Tribulation entered Linus Björklund's Studio Ryssviken on April 20th and exited (informally) nearly two months later. The group - Zaars, Hultén, Johannes Andersson (vocals/bass), and Oscar Leander (drums) - used the first 10 days of their studio time to rehearse. Once the bone-oil had sufficiently run its course, the group and co-producer Jamie Elton started to hammer into the rudiments of the recording process. Elton, who also serves as Tribulation's soundman and is a long-time friend, took the reins from Martin Ehrencrona, who helmed the Down Below sessions. Together, they crafted a well-appointed production, one that's luxuriously grim and auricularly inviting. Where the Gloom Becomes Sound was then given to Grammy-nominated producer Tom Dalgety (Ghost, Rammstein) to mix at Psalm Studios. Once the mixing was finished - Dalgety would send over versions from his studio in Wales - Tribulation re-enlisted Magnus Lindberg at Redmount Studios in Stockholm to master.
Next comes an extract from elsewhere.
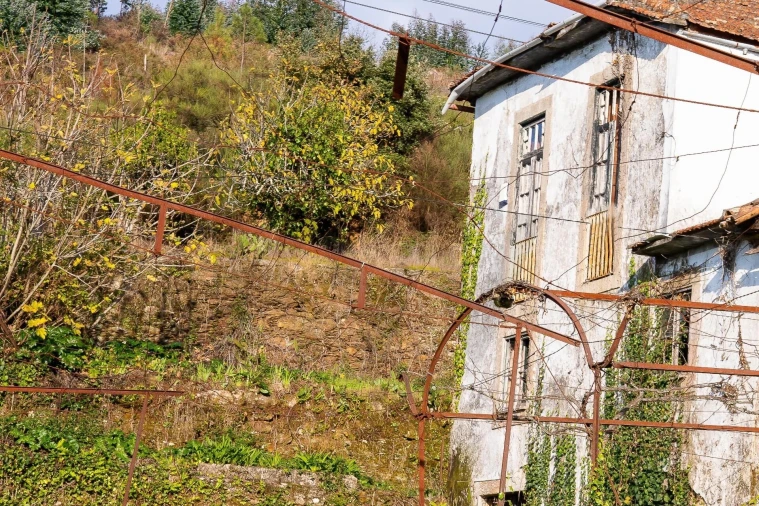 Moradia T3 para Venda em Refojos de Basto, Outeiro e Painzela Foto 14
"We've always moved in one way or another, and we wanted to try something new this time around as well," Zaars says. "Ironically, it's the first time we recorded an album where we had windows in the studio. We wanted a studio where we could have the drums up for the entire session if we wanted to change anything, and that was one of the reasons we ended up at Studio Ryssviken. As for Jamie, I've known him since the early 2000s. We have a similar love and passion for heavy metal. He's really fantastic to work with and just hang out with, and if you're spending two months in a studio, you need someone like that. He acted like someone who we could bounce ideas off both lyrically and musically, and he was also the one keeping everything running, keeping us in check, making sure we did what was necessary. He has great knowledge about sound, and his meticulous work really helped give Tom an easy start."
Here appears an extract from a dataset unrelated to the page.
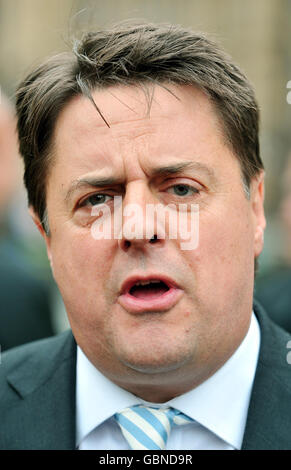 Der Vorsitzende der British National Party (BNP) Nick Griffin spricht mit den Medien vor den Houses of Parliament in Westminster, wo er sagte, dass er diesen Sommer nicht an der Gartenparty des Buckingham Palace teilnehmen werde. Stockfoto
Things evolve. Time blows by. Creatures of the night become deadlier. Where the Gloom Becomes Sound isn't representative of monumental change, but rather the accrual of ambition over time in conjunction with continued exposure to and profound experiments with crossroads devilry. The Swedes' new full-length is their most expressive and inventive to date. Where it will take them is only to greatness and with reverence. Down, furtherest down… indeed!